Deputy Secretary Faulkender: Make the regulated sector better.
Instead, the U.S. is pursuing a broad “modernization agenda” recognizing, in holistic fashion, the need to address imbalances or make course corrections in everything from bank capital and regulation, to taxation and trade, even to aspects of the Anti-Money Laundering Act of 2020 yet to be implemented. Being “influential and in the lead,” as Faulkender put it, serves U.S. global interests in payments standards, cryptocurrencies and artificial intelligence.
He contended that the best way to keep lending from diminishing or migrating to the shadow sector is to “make the regulated sector work better such that capital doesn’t flee in the first place.”
Resistance to Basel III endgame provisions had been building since well before Donald Trump was elected president, along with Republican congressional majorities, last November. Organizations such as the Bank Policy Institute and Financial Services Forum justified their member banks’ objections with projections of adverse impacts on the real economy and Main Street.
Representative Andy Barr of Kentucky, chairman of the House Financial Services Committee’s Financial Institutions and Monetary Policy subcommittee, in a September hearing and proposed bill took specific aim at alleged lack of accountability and transparency in U.S. regulators’ participation in the Basel Committee on Banking Supervision and Bank for International Settlements. (See The U.S. and the Basel Endgame: Distancing or Decoupling?)

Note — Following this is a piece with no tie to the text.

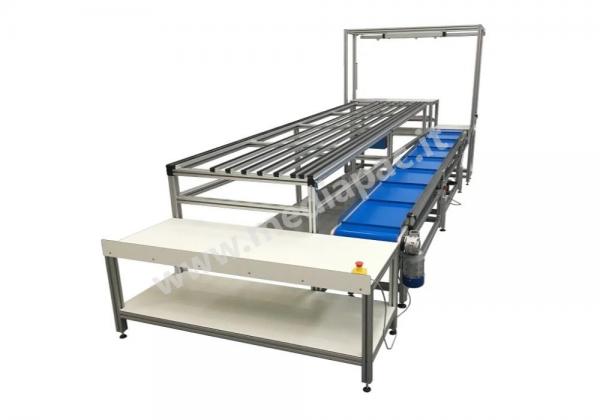 Linea di assemblaggio con nastro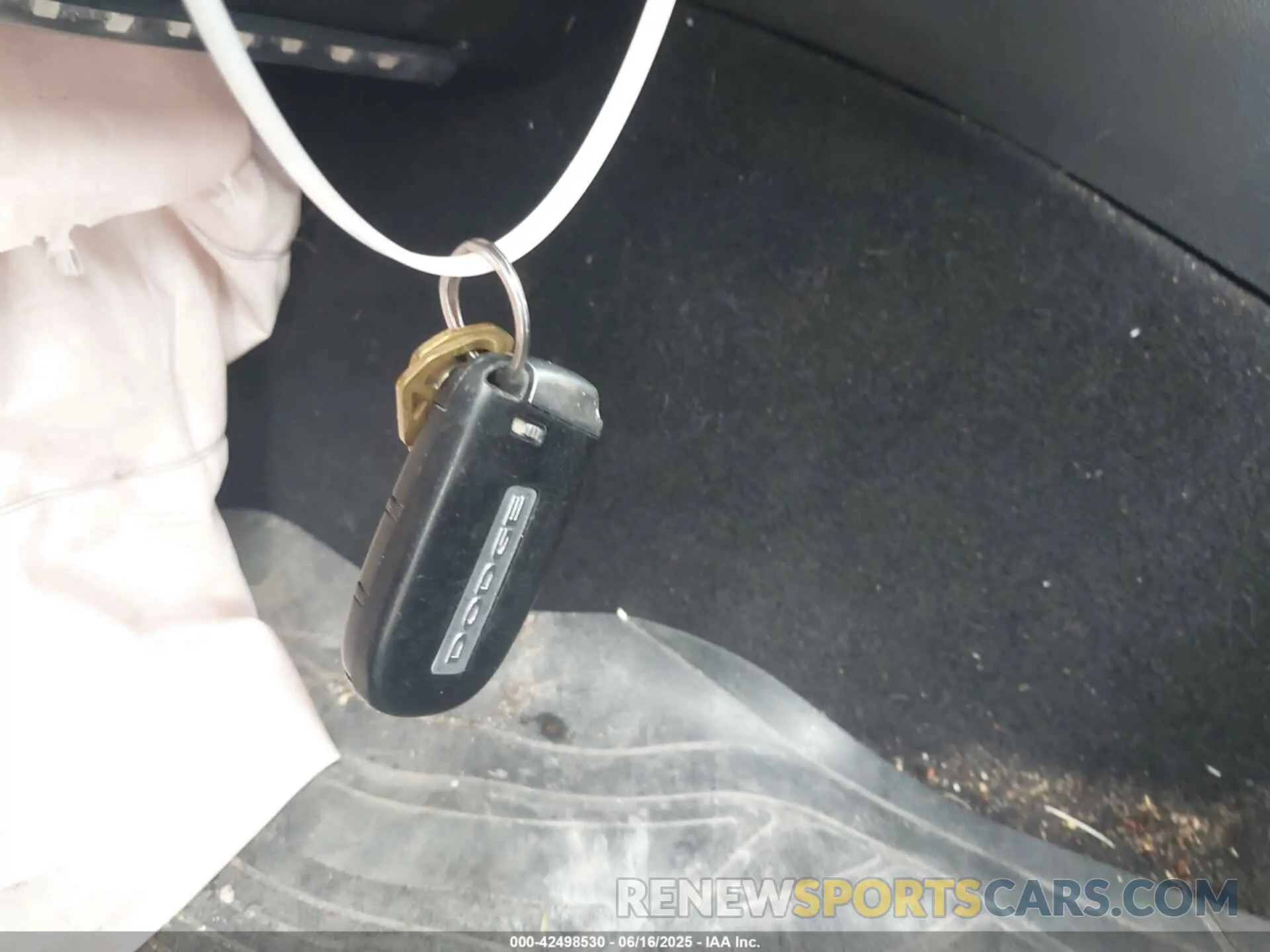 11 Photograph of a damaged car 2C3CDXJG0KH757957 DODGE CHARGER 2019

Meanwhile, the multilateral bodies were reasserting post-crisis reform principles and Basel III endgame priorities. These were underscored in a June 12 speech in Spain by Netherlands central bank president Klaas Knot, the last in his capacity as chair of the Financial Stability Board. That coordinating body is hosted by the BIS in Basel, Switzerland, and includes representatives of the U.S Treasury, Federal Reserve Board and Securities and Exchange Commission.
The final Basel III standards “are designed to strengthen the resilience of banks to withstand losses. And yet, they still have not been implemented in many jurisdictions,” said Knot, adding that “more than 15 years after the global financial crisis, authorities still face challenges in dealing with failing banks. So yes, we’ve made progress. But we’re not done.”
Klaas Knot: Global cooperation “harder but more essential.”
Knot urged that any simplified rules be “calibrated at a more prudent level” to prevent their becoming less risk-sensitive. “That is the general thinking behind the standardized approach of Basel III. That is also the thinking behind the leverage ratio. Most importantly, what we must avoid is confusing simplification with deregulation” and rollbacks that would increase the likelihood of crises and “undo the progress we have made.”
“If we want to meet today’s challenges to financial stability, we have to continue to work together,” Knot pleaded. “And we need to stay committed to the international bodies we have built to underpin that cooperation, such as the Basel Committee and the FSB. In a fragmented world, global cooperation is harder. But it is also more essential.”
Effective July 1, the Dutchman was succeeded as FSB chair by Bank of England Governor Andrew Bailey.
The FSB in June appointed Randal Quarles to lead a high-level review of “15 years of reform implementation,” for a report to the G20 next year. Quarles was a Federal Reserve Board governor from October 2017 to October 2021, serving as its first vice chair for supervision, and was FSB chair from December 2018 until December 2021.
Michelle Bowman, sworn in on June 9 as the Fed’s vice chair for supervision – a position vacated in February by Michael Barr, still a sitting Fed governor – bolstered the Republican administration’s contingent of “recalibration” advocates. A former Kansas bank commissioner and a community banker in that state, Bowman has been on the Federal Reserve Board since 2018, but now has a higher profile with a regulatory mandate assigned by the 2010 Dodd-Frank Act.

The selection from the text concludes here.